Banks vs Credit Unions: What’s the Difference?

| March 30, 2022
bank and a credit union

bank and a credit union

When it’s time to choose a financial institution, many consumers struggle to choose between a bank and a credit union.

Often, people are unsure of the difference and assume that both options are the same.

However, there are some differences, each offering different advantages.

Before making a choice, it would be good to learn the difference and determine if the bank or credit union is more beneficial for your accounts.

Account Eligibility

Unlike a traditional bank, certain limitations generally exist with credit unions.

Therefore, you may need to live in a specific location or be affiliated with a particular company or organization to apply for a financial account with a credit union.

However, national banks typically offer individual account ownership to anyone over 18 who meets standard requirements, such as age, citizenship, and no outstanding banking debt.

Before applying to a credit union, it would be essential to verify that you meet its field of membership ahead of time to avoid being turned down for an account.

Fees

Individuals tend to check for rates and fees first to avoid higher costs and other expensive regulations when selecting any financial account.




Generally, credit unions offer more attractive offers, such as low rates for loans and reduced monthly account fees.

Some institutions even offer discounts and deals based on the account type, the amount of money kept in the account, and other current promotions.

Security of Funds

Knowing the safety of your money should be at the top of your list before applying for any financial institution.

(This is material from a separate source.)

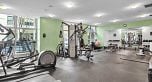 802 1318 HOMER STREET, Vancouver BC V6B 6A7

The good news is that both banks and credit unions are generally safe when holding funds for account holders.

Regardless of the institution you choose, it would be crucial to ask about the security of your funds before selecting an account.

This includes the number of funds guaranteed to be insured and replaceable in incidents like the bank or credit union going under or out of business permanently.

Ownership

The credit union members are its owners; however, banks are owned by shareholders.

As a result, bank rates are typically higher for customers to meet the demands of shareholders.

In addition to monthly maintenance fees, the ownership differences could also cause banks to charge higher interest rates for loans, while credit unions work hard to keep membership affordable.

Outsiders most likely make decisions for banks, but credit union members typically have a say in changes or standard choices on how the institution is run.

When it’s time to store your money in a financial institution, there are many companies to choose from, whether you select a bank or credit union.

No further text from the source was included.